1: Define the following terms:

(i) Angle
When two rays originated from same point, then an angle is formed.

(ii) Interior of an angle
The area between two rays which is originated from same point, is called Interior of an angle.

(iii) Obtuse angle
An angle which is measured more than 90⁰ but less than 180⁰ is called Obtuse angle.

(iv) Reflex angle
An angle which is measured more than 180⁰ but less than 360⁰ is called Reflex angle.

(v) Complementary angle
Two angle are said to be complementary if, the sum of both angles are 90⁰ .

(vi) Supplementary angle
Two angle are said to be supplementary, if the sum of both angles are 180⁰.
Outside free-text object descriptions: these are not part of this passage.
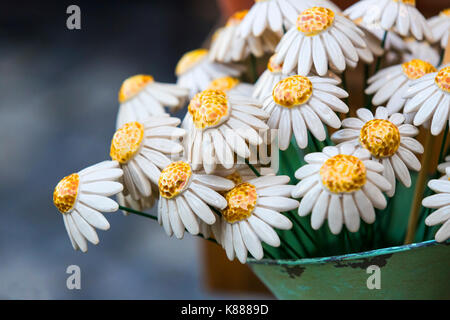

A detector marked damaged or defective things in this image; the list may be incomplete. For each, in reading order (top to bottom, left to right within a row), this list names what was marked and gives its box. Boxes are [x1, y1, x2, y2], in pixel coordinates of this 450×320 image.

rusted metal rim [248, 239, 448, 266]
chipped green paint [248, 241, 450, 298]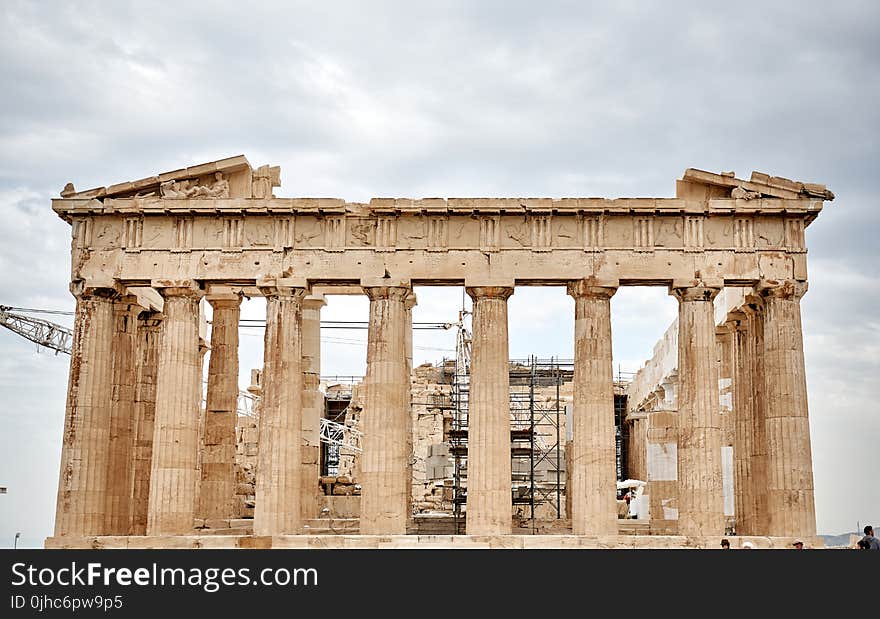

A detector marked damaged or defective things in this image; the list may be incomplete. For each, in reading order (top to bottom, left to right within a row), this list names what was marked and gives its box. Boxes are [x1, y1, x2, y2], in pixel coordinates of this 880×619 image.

broken pediment [57, 155, 282, 201]
broken pediment [676, 167, 836, 201]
2: Find the complement of each of the following angles:

(i) 55⁰ (ii) 16⁰ (iii) 90⁰ (iv) 2/3 of a right angle

Complement of 55⁰ = 90⁰ – 55⁰ = 35⁰

Complement of 16⁰ = 90⁰ – 16⁰= 74⁰

Complement of 90⁰ = 90⁰ – 90⁰ = 0⁰

Complement of 2/3 of a right angle
= 90⁰ – ( 90⁰ × 2/3) = 90⁰ – 60⁰ =30⁰

3: Find the supplementary of each of the following angles:

(i) 42⁰      (ii) 90⁰       (iii) 124⁰    (iv) 3/5 of a right angle

Supplementary of 42⁰ = 180⁰ – 42⁰ =138⁰

Supplementary of 90⁰ = 180⁰ – 90⁰ = 90⁰

Supplementary of 124⁰ = 180⁰ –  124⁰ = 56⁰

Supplementary of 3/5 of a right angle
= 180⁰ – ( 90⁰ × 3/5) = 180⁰ – 54⁰= 126⁰

4: Find the measure of an angle which is

(i) equal to its complement,
Let the angle is x⁰ , then
⇒ x⁰ = 90⁰ – x⁰
⇒ 2x⁰ = 90⁰
⇒ x⁰ = 45⁰

Hence the angle is 45⁰ which is equal to its complement.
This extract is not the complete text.